More than ever, the president claims, there's "no time for excuses." Here's why:  "in today's hyperconnected, hypercompetitive world . . . nobody is going to give you anything you haven't earned. And whatever hardships you may experience because of your race. They pale in comparison in comparison to the hardships previous generations endured--and overcame."  The news here is good and bad, but mostly good. The excuse of race-based hardship makes less sense than ever.  We live, more than ever, in a meritocracy based on productivity. And that's thanks, in great measure, to the courage and competence of black men and women--particularly Morehouse Men--in the past.   

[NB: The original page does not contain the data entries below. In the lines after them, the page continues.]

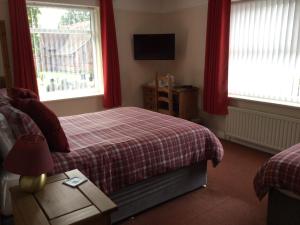 a bedroom with a bed and two windows with red curtains at Gateway Lodge in Speke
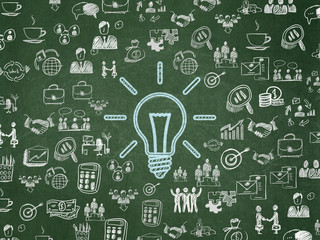 Finance concept: Light Bulb on School board background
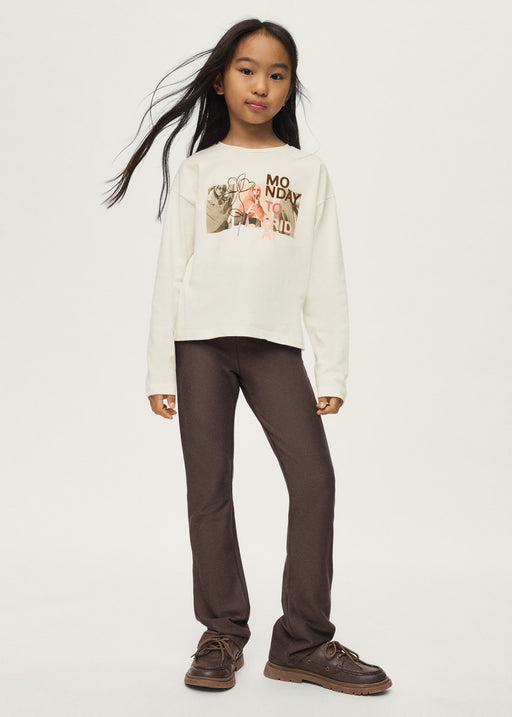 Girl wearing Mayoral Monday to Friday graphic top with chocolate brown flare trousers and brown boat shoes – on model full body front view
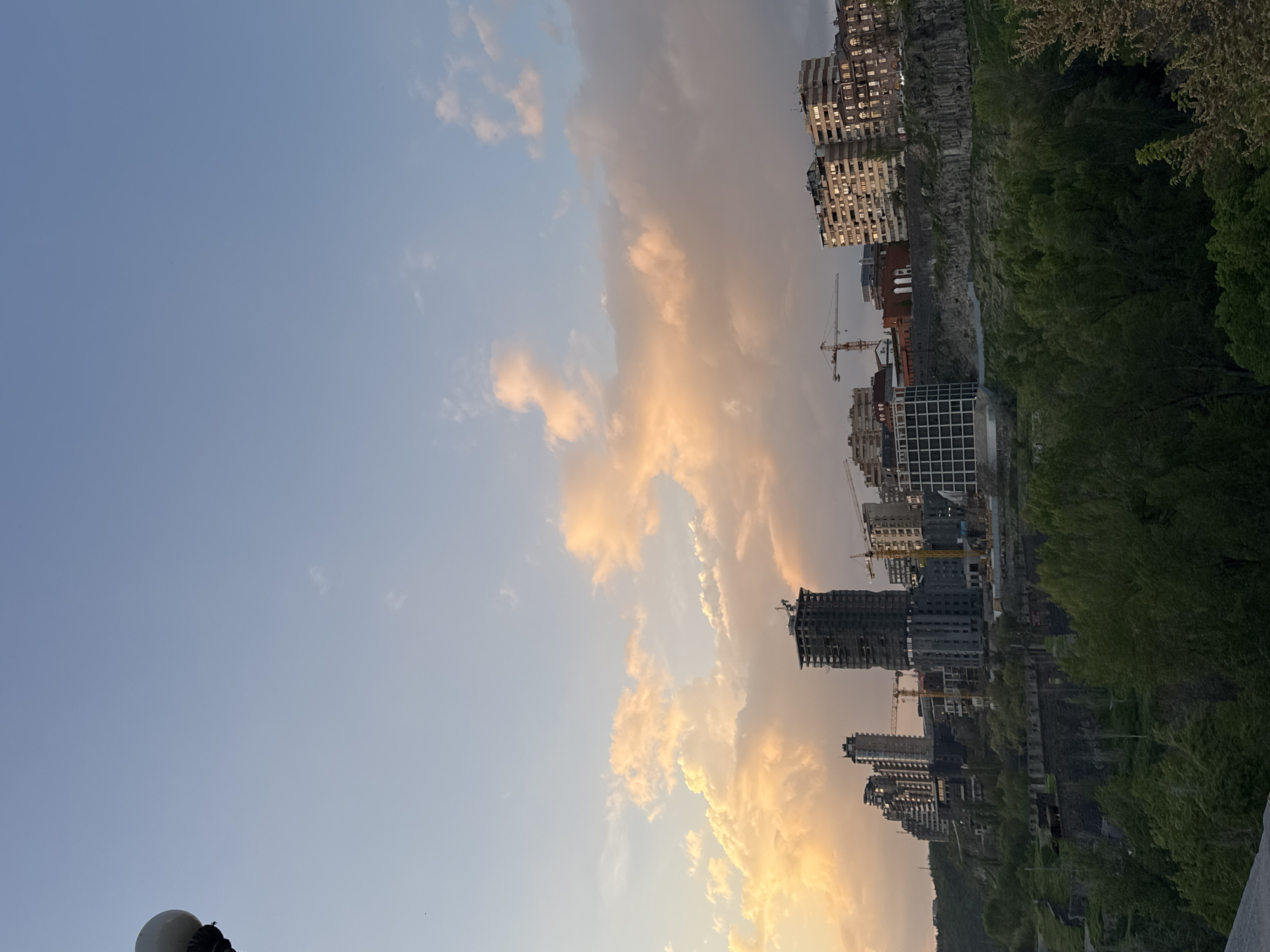 The image presents a vibrant urban landscape bathed in the warm light of either sunrise or sunset, viewed from a slightly elevated perspective. The sky dominates the upper portion, transitioning from a clear, light blue on the left to a dramatic display of soft golden-orange and pink clouds, indicative of the low sun's angle.
Below the colorful sky, a dense cityscape unfolds. Numerous buildings, varying in height and architectural style, populate the middle and lower sections of the frame. Some appear to be residential or commercial structures with visible windows, a few of which reflect the warm light. Interspersed among the completed buildings are several structures under construction, identifiable by their exposed frameworks and the prominent presence of multiple tall construction cranes. These cranes underscore ongoing development in the area.
To the right, a significant natural feature provides a stark contrast to the urban environment: a steep, rocky embankment or cliff face generously covered with lush green trees and foliage. This green belt suggests the city's integration with, or proximity to, natural terrain or a valley.
In the bottom-left corner, a small portion of a spherical, white object is visible, possibly part of a lamppost, monument, or railing. The overall lighting and cloud patterns suggest a peaceful yet dynamic moment in time. No discernible text is visible within the image. Given the context of Yerevan, Armenia, the scene captures a blend of urban expansion and natural beauty.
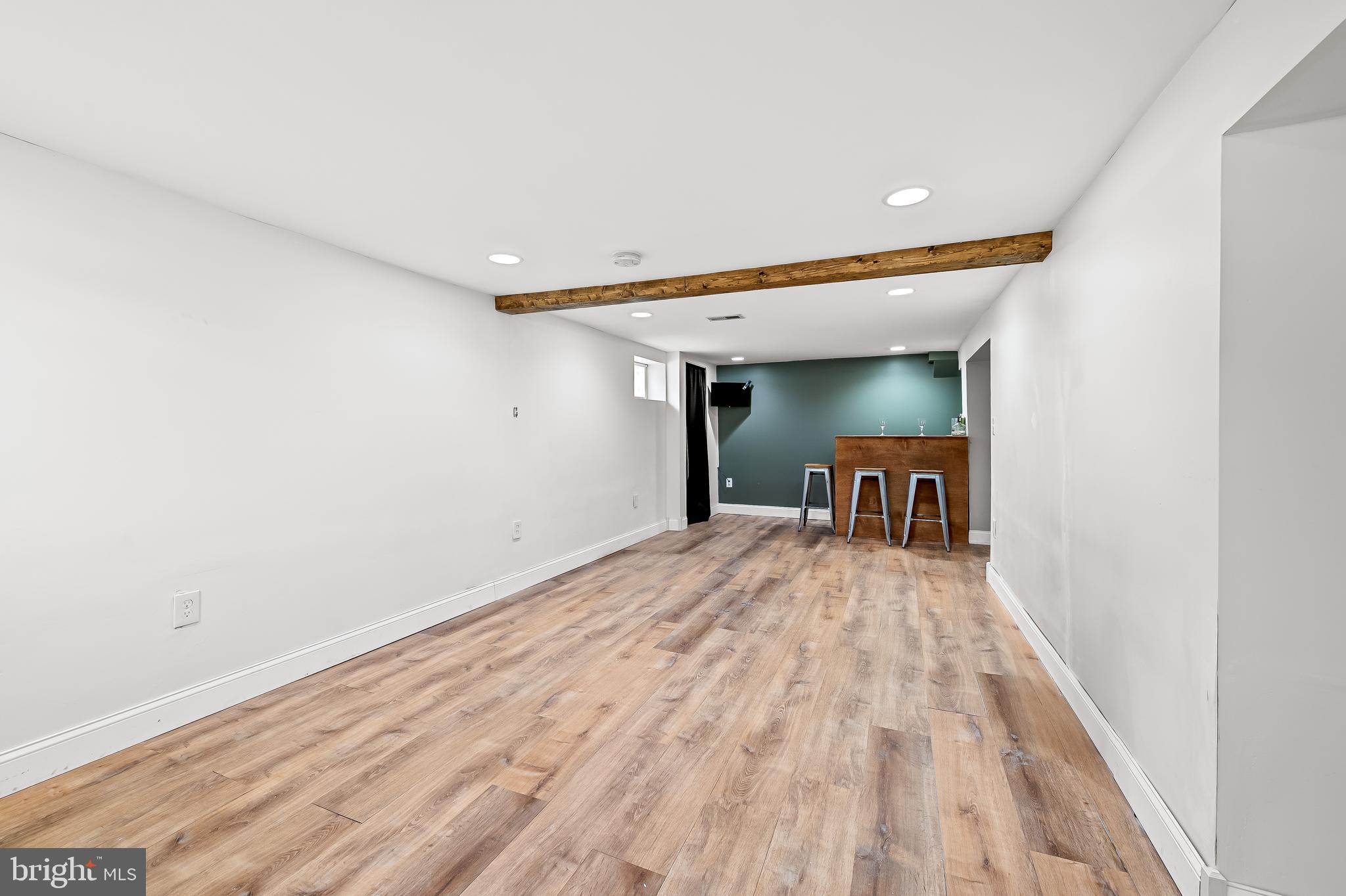 709 Cedarcroft Road Baltimore, MD 21212 - Photo 31 of 38 a view of a livingroom with a staircase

It's here, finally, that the president praises the virtues connected with being productive, being judged according to the relevant qualities of character and competence--and nothing else--in today's rigorous competition for money and power. Surely some conservatives could go into a polemic against affirmative action here. But you couldn't expect a Democrat to do that, and that wouldn't have been classy for anyone, given the audience of justifiably proud black men. The Democratic president is certainly praising the ennobling challenges of a genuinely free market.

The remainder of the speech was rather uneven. I wish the president has stopped after he said:  "You now fail from a lineage of legacy of immeasurably strong men. . . . They knew full well the role racism played in their lives. But when it came to their own accomplishments and sense of purpose, they had time for excuses."

Give the president his due. He showed himself, in his best moments, to be a Morehouse Man. He didn't tell his fellow men anything they didn't already know. But when it comes to praising noble, truthful displays of moral virtue, maybe there just isn't much new to be known.

The lesson for liberal education is that it isn't nearly enough to say mouth platitudes about the purpose of life being more than money and power, and that everyone should be socially responsible, have a cause greater than oneself, give something back, yada, yada. It's about teaching about and inculcating through example and disciplined learning what allows men to rise above their circumstances and take responsibility for themselves and those less fortunate. The president's speech is remarkable--and a lesson to every professor and administrator in the land--insofar as it has called to mind all that is great about the Morehouse Man.